“You will see My back but My face shall not be seen.”
This verse is spoken by Gd to Moses after Moses begs Gd to “show me Your glory!” Moses desperately wants to see Gd, but all he gets is Gd’s back.
There are moments in our lives when we would be happy to simply get a glimpse of Gd’s back. At least this glimpse would be proof that indeed Gd exists. At the most challenging moments in our lives, being able to experience Gd would be incredibly comforting. All too often, at these challenging moments, we wonder where Gd is.
I have experienced my share of challenging moment. In January, 1994, I was living in the San Fernando Valley when the 6.7 Northridge earthquake struck. I lost my apartment and had to relocate with what I could salvage from my home. As most of you know, I was living in New York on 9/11. I saw one of the planes moments before it struck the World Trade Center. I was one of the first clergy to enter the burn unit at Cornell Medical Center – the unit that received the handful of severely injured survivors who were pulled from the World Trade Center. I, like many of you, lived through the damaging effects of Hurricane Wilma. And, of course, as a rabbi, I have sat with many families after the loss of a loved one has left them in shock.
During all of these traumatic moments, I found myself asking “why?”, searching for answers and looking for Gd. There are no good answers that explain any tragedy. And finding Gd during the darkest hours is often a futile, frustrating effort. What I have come to understand, however, is that this effort becomes less challenging the farther away from the event you get.
While I will never forget the feeling of hopelessness I had while walking the streets of New York the week after 9/11, the images of brave rescue workers, determined health care professionals, and flag filled neighborhoods are etched into my mind forever. In the same way, while the negative memories of the Northridge earthquake and Hurricane Wilma will never go away, these negative memories now blend with the beautiful memories of caring neighbors, the power of community and the joy of the electricity coming back on. And, the darkest moments in our synagogue’s life are forever countered by the power of memory and shivah minyans and, of course, the incredible strength that those left behind have to turn tragedy and heartbreak into blessing.
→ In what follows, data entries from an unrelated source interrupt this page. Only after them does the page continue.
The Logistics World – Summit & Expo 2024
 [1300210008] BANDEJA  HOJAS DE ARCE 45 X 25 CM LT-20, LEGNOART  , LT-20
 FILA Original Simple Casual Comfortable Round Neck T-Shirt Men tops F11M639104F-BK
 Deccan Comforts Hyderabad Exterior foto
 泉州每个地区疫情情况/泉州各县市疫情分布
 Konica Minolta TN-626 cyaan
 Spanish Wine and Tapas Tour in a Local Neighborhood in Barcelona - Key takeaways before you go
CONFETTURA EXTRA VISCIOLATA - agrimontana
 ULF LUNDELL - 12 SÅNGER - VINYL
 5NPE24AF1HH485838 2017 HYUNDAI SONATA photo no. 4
My experiences have taught me that while we usually can’t find Gd during a crisis, time empowers us to discover that Gd was indeed with us all along. This is what the Torah is teaching us by explaining that Moses was only able to see Gd’s back. We are no different than Moses. There are times that we can only appreciate Gd’s presence after it has passed us by. Gd is with us during the tragic moments – present in the strength of individuals, the power of community and the human determination to survive. It is only when get through the darkness that we can look behind us and realize that we were in the presence of Gd all along. At the time, when Gd’s face was before us, we were not able to realize what we were looking at. Thank goodness we have the gift of memory that enable us to appreciate Gd’s back.